As I sit in my house in New York and the snow piles down from the sky in scary heaps, I find myself doing two things:  praying with all my might that I won’t lose power and contemplating what kinds of preparation the cast of Vanderpump Rules would make in the face of a storm.

I’m imagining that Jax, upon hearing that he might have to be shut in for a few days, would hire both a prostitute and a tattoo artist – so that if he falls in pretend love with the girl he’s hired to go down on him, he can record her name on his body for posterity.  (I think the pinky toe on his left foot is still unmarked skin that the new chick’s name can be inked on forevermore.)  I’m also going to take a mental leap and guess that he’ll have some alcohol on hand too because the thought of facing who is really is while sober has to be more of a nightmare than it would be for me that my cable could go out.

Sandoval, having no idea that the relentless storm is nothing in relation to what he’ll have to deal with later on tonight, would probably get himself ready by making sure his knit beanies are within reach, that he has several boxes of Kleenex to dry the tears that leak out of his eyes with almost-alarming regularity, and hopefully he’ll put 911 on speed dial, because ice slamming down from the sky will not be enough to keep his ex-girlfriend away.

And speaking of Kristen, snow or no snow, it’ll just be a typical night for her.  She’ll have her infrared goggles all ready to go so she can see through the snow and into Sandoval’s windows and she will take moments here and there to maniacally smoke cigarette after cigarette, all the while mumbling words of psychotic wisdom like, “It’s karma,” and “If Ariana were out of the picture, Tom and I could be together.”  Then she would kidnap a fluffy puppy named Scooter and tell a random little girl that the Tooth Fairy fucking hates her and then, exhausted from her good deeds, she’ll curl up in her cauldron to rest her slit-shaped eyes.

Vail, I hope, would hole up with the DVDs of the first few seasons of the show she’s now a cast member on so that she will be able to definitely arrive at the conclusion that Jax is a walking ball oozing sleaze.

Scheana would probably make sure she has bottles of water, an extra pair of lashes should the wetness of the snow fuck with the eyelash adhesive that’s a permanent feature of her face, and she’d blast her new song, which will be guaranteed to scare off potential looters.

Stassi, who wasn’t on the show at all tonight, would gather paints and brushes and all kinds of canvases so she can use the hours of the blizzard creating an abstract masterpiece that is a collage of the heads of those who have betrayed her, upon which she will hang a sparkly statement necklace.

Lisa Vanderpump, upon hearing bad weather was imminent, would jet off to St.

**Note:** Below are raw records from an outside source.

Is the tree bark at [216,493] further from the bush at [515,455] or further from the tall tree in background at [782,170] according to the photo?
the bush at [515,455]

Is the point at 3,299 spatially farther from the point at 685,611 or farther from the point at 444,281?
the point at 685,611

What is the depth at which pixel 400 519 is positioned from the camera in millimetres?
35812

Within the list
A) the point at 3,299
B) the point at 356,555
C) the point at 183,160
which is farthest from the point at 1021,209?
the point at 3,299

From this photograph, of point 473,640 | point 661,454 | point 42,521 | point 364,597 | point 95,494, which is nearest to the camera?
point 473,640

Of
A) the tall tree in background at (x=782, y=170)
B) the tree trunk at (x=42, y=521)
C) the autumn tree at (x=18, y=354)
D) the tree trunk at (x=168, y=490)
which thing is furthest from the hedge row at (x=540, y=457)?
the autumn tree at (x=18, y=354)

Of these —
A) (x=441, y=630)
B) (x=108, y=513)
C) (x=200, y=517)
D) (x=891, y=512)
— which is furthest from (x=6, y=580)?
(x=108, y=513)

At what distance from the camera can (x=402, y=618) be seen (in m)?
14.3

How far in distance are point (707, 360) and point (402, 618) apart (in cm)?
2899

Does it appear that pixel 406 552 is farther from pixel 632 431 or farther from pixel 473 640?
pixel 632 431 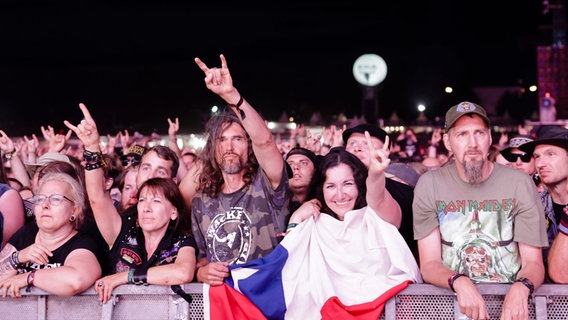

Bart’s and leave this bullshit behind.

But all of my cold weather realities are simply fantasies in the minds of the Sur servers who spend their days frolicking in the sun – and their nights fleeing from those they are contractually tied to for as long as Bravo continues to renew this show.

There was no real preamble tonight.  The show started with a bang – or with the girl Sandoval might have banged.  Yes, into a restaurant walked Annemarie, and just in case viewers last week were busy reading Proust while the show was on and got momentarily distracted, helpfully printed underneath her name is “Miami Girl,” which is now what I want to be next Halloween.  She’s there to meet up with Kristen, who takes one gander at the girl in front of her and tells the camera that Annemarie is exactly the kind of girl Sandoval would sleep with.

“She’s in her mid-twenties with too much Botox,” says the insane person in her mid-thirties who doesn’t ingest nearly enough lithium.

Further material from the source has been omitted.